Tegas mendidik berarti memberlakukan aturan, pendisiplinan, atau menegakkan hukuman dengan penuh kepastian. Pernyataan hukuman diucapkan dengan nada datar biasa, tetapi eksekusinya benar-benar dilakukan. Sikap ini akan disimpulkan oleh anak sebagai kesungguhan, bahwa orang tua tidak main-main ketika memberlakukan peraturan atau mengambil keputusan. 

  1. Istiqamah 

Salah satu sikap orang tua yang menjadikannya kurang berwibawa di hadapan anak adalah tidak adanya sikap istiqamah. Yaitu orang tua yang pada suatu hari menetapkan aturan, tetapi di hari yang ain mengubahnya sendiri dengan alasan yang sulit dipahami kebenarannya. Misalnya anda menetapkan peraturan larangan jajan di warung. Pada suatu hari ketika anda merasa malas menyediakan makanan di rumah   tiba-tiba larangan itu jadi boleh. 

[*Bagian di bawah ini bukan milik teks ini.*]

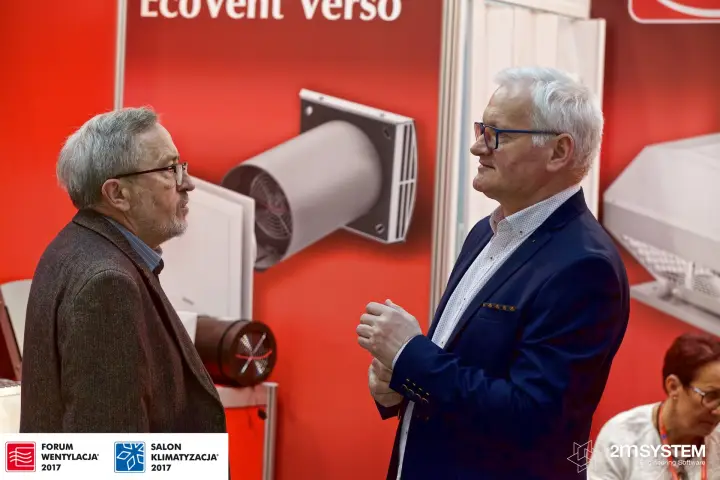 Discussion in front of the EcoVent Verso graphic on a red Helios wall at Forum Wentylacja 2017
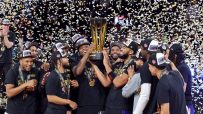 Basketball players celebrate winning the 2025 NBA Cup, holding the trophy under falling confetti.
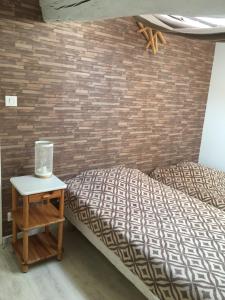 1 dormitorio con 1 cama y mesita de noche junto a una pared de ladrillo en Family, en La Réorthe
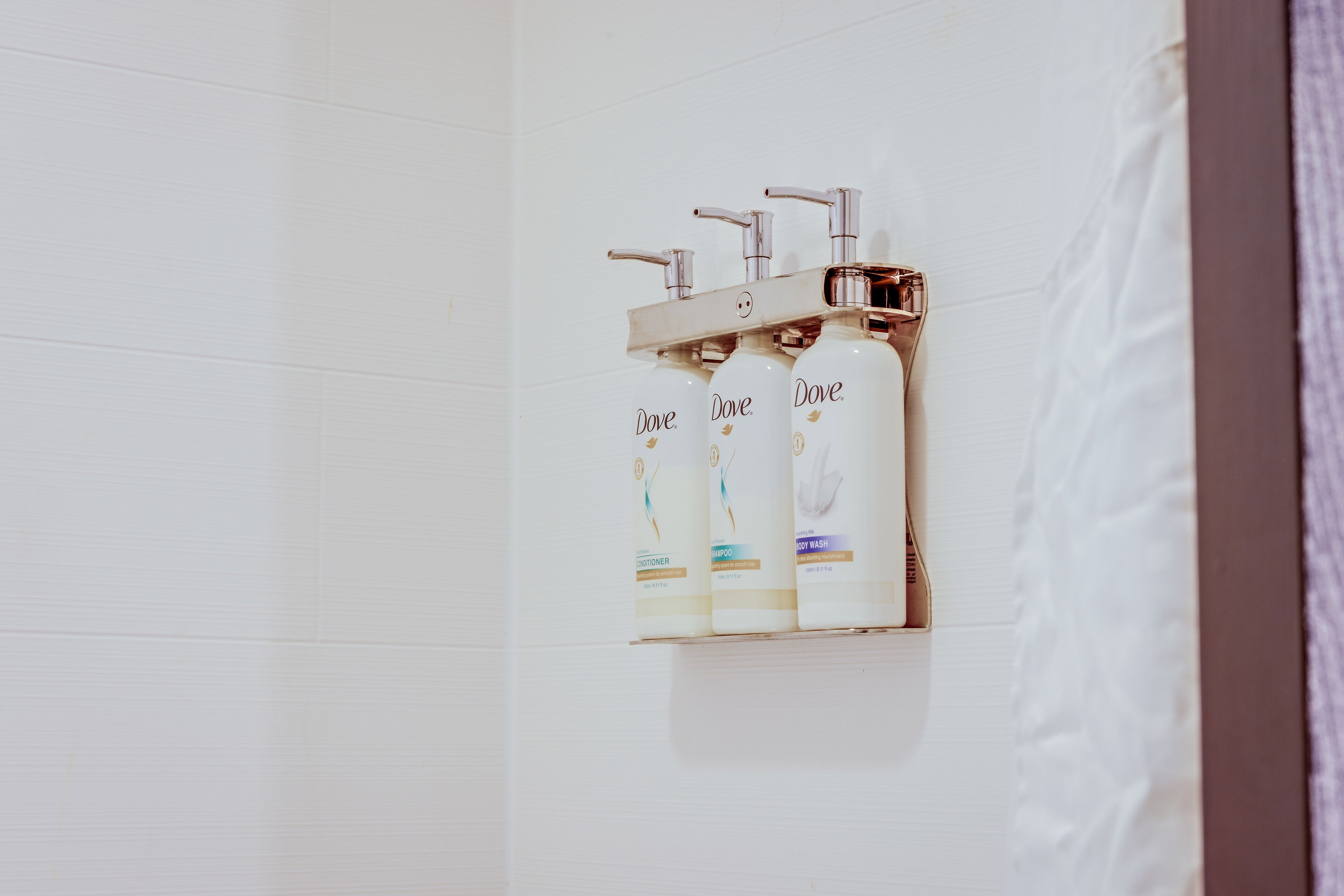A bathroom with three Dove shampoo bottles on a wall-mounted shelf.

Istiqamah berarti teguh dalam pendirian atau pandangan, selama tidak ada alasan syar’I yang membolehkannya untuk mengubah. Istiqamah dalam tilawah pagi berarti akan terus melakukannya selama tidak ada kebutuhan mendesak yang mengubahnya. Sikap ini akan dinilai oleh anak dan menjadi catatan tersendiri bahwa orang tuanya memang layak untuk dicontoh. 

  1. Sesuai kondisi anak dan kadar kesalahannya 

Satu jenis hukuman tidak berlaku untuk anak semua umur, semua kondisi dan semua jenis kesalahan. Orang tua menghukum anak dengan mempertimbangkan usia anak. Anak-anak yang dengan sengaja meninggalkan salat pada usia sebelum 10 tahun belum saatnya mendapat hukuman dengan pukulan di badannya.  Anak-anak sudah akil baligh tetapi belum istiqamah salat wajibnya juga tidak hanya dengan memberi nasihat. Anak perempuan tidak boleh mendapat hukuman fisik misalnya dengan menyuruhnya melakukan pekerjaan mengangkat benda-benda berat. Anak yang sedang sakit kemudian melakukan kesalahan tidak selayaknya mendapat hukuman, karena hukuman akan semakin memperparah sakitnya.  

Semua hukuman harus proporsional sesuai jenis kelamin, keadaan anak, jenis pelanggaran dan kadar kesalahannya. Jangan sampai anak melakukan kesalahan ringan tetapi mendapat hukuman berat. Atau jangan juga anak melakukan pelanggaran berat tetapi mendapat hukuman terlalu ringan yang tak membuatnya sadar. 

  1. Tetap jelaskan maksud hukuman 

Menghukum anak yang mendidik adalah dengan menjelaskan kepadanya alasan mengapa ia mendapat hukuman dengan jenis hukuman tersebut. Cobalah untuk menjelaskannya dengan ekspresi biasa tanpa menampakkan kebencian atau kemarahan. 

Jelaskan jenis hukumannya dengan rinci, batas melakukannya, sampai kapan melakukannya, dan apa yang anda harapkan pada anak dengan hukuman tersebut. Jangan lupa tetap mengingatkan agar ia tidak mengulangi kesalahannya, segera memperbaiki diri, dan  ungkapkan bahwa anda tetap menyayanginya.